Allow usage of custom querysets in prefetch_related

Reported by: Anssi Kääriäinen Owned by: loic84
Component: Database layer (models, ORM) Version: dev
Severity: Normal Keywords: prefetch_related
Cc: marc.tamlyn@…, AndrewIngram, k.sikora@…, ethan.jucovy@…, as@…, mszamot@…, jonatan.lundin@… Triage Stage: Accepted
Has patch: yes Needs documentation: no
Needs tests: no Patch needs improvement: no
Easy pickings: no UI/UX: no

Description

#16973 introduced prefetch_related. I would like to extend it so that one can use custom querysets for the fetching. This also requires the ability to define the attribute name to use for the prefetched objects, as it is not valid to return filtered objects from related_manager.all(). There is also the possibility that one wants to fetch multiple objects of the same type with prefetch_related (young authors to one attribute, old authors to another).
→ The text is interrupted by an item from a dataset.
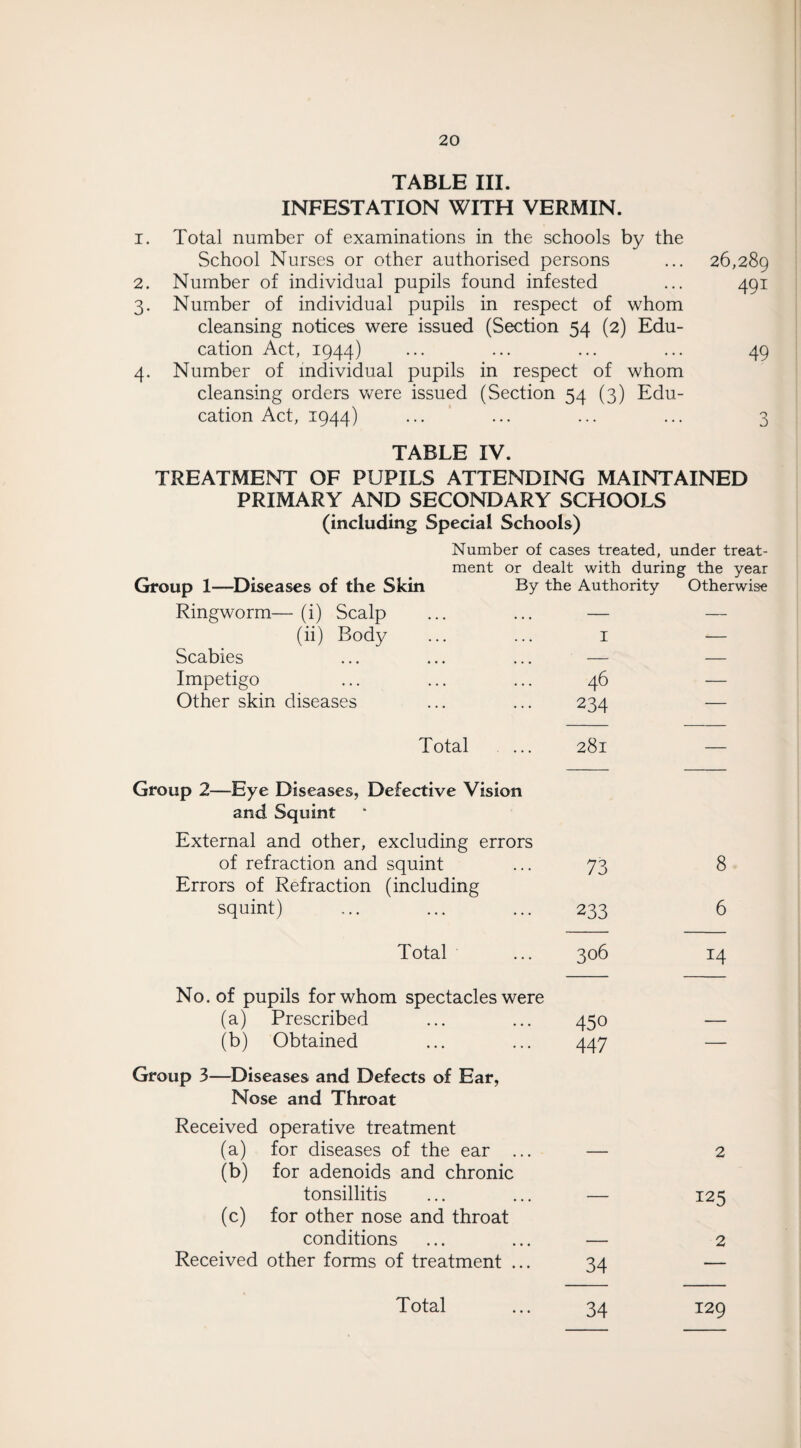 TABLE III. INFESTATION WITH VERMIN. 1. Total number of examinations in the schools by the School Nurses or other authorised persons ... 26,289 2. Number of individual pupils found infested ... 491 3. Number of individual pupils in respect of whom cleansing notices were issued (Section 54 (2) Edu¬ cation Act, 1944) ... ... ... ... 49 4. Number of individual pupils in respect of whom cleansing orders were issued (Section 54 (3) Edu¬ cation Act, 1944) ... ... ... ... 3 TABLE IV. TREATMENT OF PUPILS ATTENDING MAINTAINED PRIMARY AND SECONDARY SCHOOLS (including Special Schools) Group 1—Diseases of the Skin Ringworm— (i) Scalp (ii) Body Scabies Impetigo Other skin diseases Number of cases treated, under treat¬ ment or dealt with during the year By the Authority Otherwise I — 46 — 234 — Total ... 281 Group 2—Eye Diseases, Defective Vision and Squint External and other, excluding errors of refraction and squint ... 73 Errors of Refraction (including squint) ... ... ... 233 Total ... 306 No. of pupils for whom spectacles were (a) Prescribed ... ... 450 (b) Obtained ... ... 447 Group 3—Diseases and Defects of Ear, Nose and Throat Received operative treatment (a) for diseases of the ear ... — (b) for adenoids and chronic tonsillitis ... ... — (c) for other nose and throat conditions ... ... — Received other forms of treatment ... 34 8 6 14 2 125 2 34 129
The proposed API is following:

# The normal usage does not change
SomeModel.objects.prefetch_related('rel_model', 'rel_model__another_rel')
# You can pass R objects to prefetch_related
# The syntax for R is
# R(lookup_path, to_attr=None, qs=None)
# Thus:
SomeModel.objects.prefetch_related(R('rel_model'), R('rel_model__another_rel'))
# is equivalent to the first call.
# One can use to_attr alone:
SomeModel.objects.prefetch_related(R('rel_model', to_attr='foo_lst'), ...)
# custom queryset
SomeModel.objects.prefetch_related(
    R('rel_model', to_attr='foo_lst', qs=RelModel.objects.order_by('foo')),
    ...
)
# If qs is defined, to_attr must be defined also:
SomeModel.objects.prefetch_related(R('rel_model', qs=RelModel.objects.order_by('-pk')))
-> Error: Thou shalt not use qs without to_attr
# One can use the to_attr in nested calls:
qs = SomeModel.objects.prefetch_related(
   R('rel_model', qs=RelModel.objects.order_by('-pk'), to_attr='foo_lst'),
   R('foo_lst__another_model', qs=AnotModel.objects.order_by('-pk'), to_attr='anot_lst')
)
# This will result in every object O in foo_lst to have attribute anot_lst containing
# related objects to O, fetched from the above given qs.
# Going still deeper would need to use syntax:
qs = qs.prefetch_related(
   R('foo_lst__anot_lst__third_model', qs=ThirdModel.objects.order_by('-pk'), to_attr='bar_lst'),
)

Attachments (2)

prefetch_extensions.diff (35.3 KB ) - added by Anssi Kääriäinen 13 years ago.
Now with settings.DEBUG removed
#17001-prefetch_extensions.diff (25.5 KB ) - added by German M. Bravo 11 years ago.
Fixed issue with multiple level prefetch

Download all attachments as: .zip

Change History (54)

comment:1 by Anssi Kääriäinen, 13 years ago

Has patch: set
Needs documentation: set

Ok, I think I have a ready patch for this. There are some TODO comments still there (a part of them are personal TODOs, some are real TODOs). And this still needs documentation.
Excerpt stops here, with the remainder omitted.